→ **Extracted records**
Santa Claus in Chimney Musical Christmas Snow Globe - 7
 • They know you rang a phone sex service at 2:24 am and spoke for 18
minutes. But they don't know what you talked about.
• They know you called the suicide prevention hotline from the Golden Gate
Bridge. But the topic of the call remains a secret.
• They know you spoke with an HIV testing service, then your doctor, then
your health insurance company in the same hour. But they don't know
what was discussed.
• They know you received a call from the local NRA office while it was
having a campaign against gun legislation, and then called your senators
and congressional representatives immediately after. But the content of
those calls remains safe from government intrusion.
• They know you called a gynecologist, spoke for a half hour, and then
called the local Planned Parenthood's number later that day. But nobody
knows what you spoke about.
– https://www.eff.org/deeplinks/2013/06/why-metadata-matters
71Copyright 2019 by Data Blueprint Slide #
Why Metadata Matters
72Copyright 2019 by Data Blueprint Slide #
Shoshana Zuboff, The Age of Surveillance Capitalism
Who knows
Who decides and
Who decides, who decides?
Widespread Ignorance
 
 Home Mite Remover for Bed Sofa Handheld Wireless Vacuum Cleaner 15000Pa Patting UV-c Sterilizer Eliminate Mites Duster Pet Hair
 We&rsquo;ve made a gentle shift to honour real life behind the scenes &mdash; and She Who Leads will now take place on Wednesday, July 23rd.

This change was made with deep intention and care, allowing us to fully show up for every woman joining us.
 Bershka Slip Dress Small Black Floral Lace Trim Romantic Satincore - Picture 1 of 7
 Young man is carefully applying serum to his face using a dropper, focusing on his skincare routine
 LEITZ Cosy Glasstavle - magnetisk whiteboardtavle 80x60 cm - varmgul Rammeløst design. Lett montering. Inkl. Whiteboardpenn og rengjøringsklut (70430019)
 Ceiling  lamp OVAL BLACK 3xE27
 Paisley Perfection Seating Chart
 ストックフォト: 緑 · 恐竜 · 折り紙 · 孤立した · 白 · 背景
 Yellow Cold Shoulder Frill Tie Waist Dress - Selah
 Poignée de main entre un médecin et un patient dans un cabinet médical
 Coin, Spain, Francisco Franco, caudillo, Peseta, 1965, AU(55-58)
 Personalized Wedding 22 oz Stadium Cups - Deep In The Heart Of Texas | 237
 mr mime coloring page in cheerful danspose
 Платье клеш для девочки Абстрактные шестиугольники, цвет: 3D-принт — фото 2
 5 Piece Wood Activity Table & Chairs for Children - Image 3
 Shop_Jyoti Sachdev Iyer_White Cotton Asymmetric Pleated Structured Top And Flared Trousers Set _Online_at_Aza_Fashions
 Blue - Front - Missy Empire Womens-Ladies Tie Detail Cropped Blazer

→ **Exercise**
Reproduce every line above, keeping each word exactly as it appears.

→ **Reply to the task**
Santa Claus in Chimney Musical Christmas Snow Globe - 7
 • They know you rang a phone sex service at 2:24 am and spoke for 18
minutes. But they don't know what you talked about.
• They know you called the suicide prevention hotline from the Golden Gate
Bridge. But the topic of the call remains a secret.
• They know you spoke with an HIV testing service, then your doctor, then
your health insurance company in the same hour. But they don't know
what was discussed.
• They know you received a call from the local NRA office while it was
having a campaign against gun legislation, and then called your senators
and congressional representatives immediately after. But the content of
those calls remains safe from government intrusion.
• They know you called a gynecologist, spoke for a half hour, and then
called the local Planned Parenthood's number later that day. But nobody
knows what you spoke about.
– https://www.eff.org/deeplinks/2013/06/why-metadata-matters
71Copyright 2019 by Data Blueprint Slide #
Why Metadata Matters
72Copyright 2019 by Data Blueprint Slide #
Shoshana Zuboff, The Age of Surveillance Capitalism
Who knows
Who decides and
Who decides, who decides?
Widespread Ignorance
 
 Home Mite Remover for Bed Sofa Handheld Wireless Vacuum Cleaner 15000Pa Patting UV-c Sterilizer Eliminate Mites Duster Pet Hair
 We&rsquo;ve made a gentle shift to honour real life behind the scenes &mdash; and She Who Leads will now take place on Wednesday, July 23rd.

This change was made with deep intention and care, allowing us to fully show up for every woman joining us.
 Bershka Slip Dress Small Black Floral Lace Trim Romantic Satincore - Picture 1 of 7
 Young man is carefully applying serum to his face using a dropper, focusing on his skincare routine
 LEITZ Cosy Glasstavle - magnetisk whiteboardtavle 80x60 cm - varmgul Rammeløst design. Lett montering. Inkl. Whiteboardpenn og rengjøringsklut (70430019)
 Ceiling  lamp OVAL BLACK 3xE27
 Paisley Perfection Seating Chart
 ストックフォト: 緑 · 恐竜 · 折り紙 · 孤立した · 白 · 背景
 Yellow Cold Shoulder Frill Tie Waist Dress - Selah
 Poignée de main entre un médecin et un patient dans un cabinet médical
 Coin, Spain, Francisco Franco, caudillo, Peseta, 1965, AU(55-58)
 Personalized Wedding 22 oz Stadium Cups - Deep In The Heart Of Texas | 237
 mr mime coloring page in cheerful danspose
 Платье клеш для девочки Абстрактные шестиугольники, цвет: 3D-принт — фото 2
 5 Piece Wood Activity Table & Chairs for Children - Image 3
 Shop_Jyoti Sachdev Iyer_White Cotton Asymmetric Pleated Structured Top And Flared Trousers Set _Online_at_Aza_Fashions
 Blue - Front - Missy Empire Womens-Ladies Tie Detail Cropped Blazer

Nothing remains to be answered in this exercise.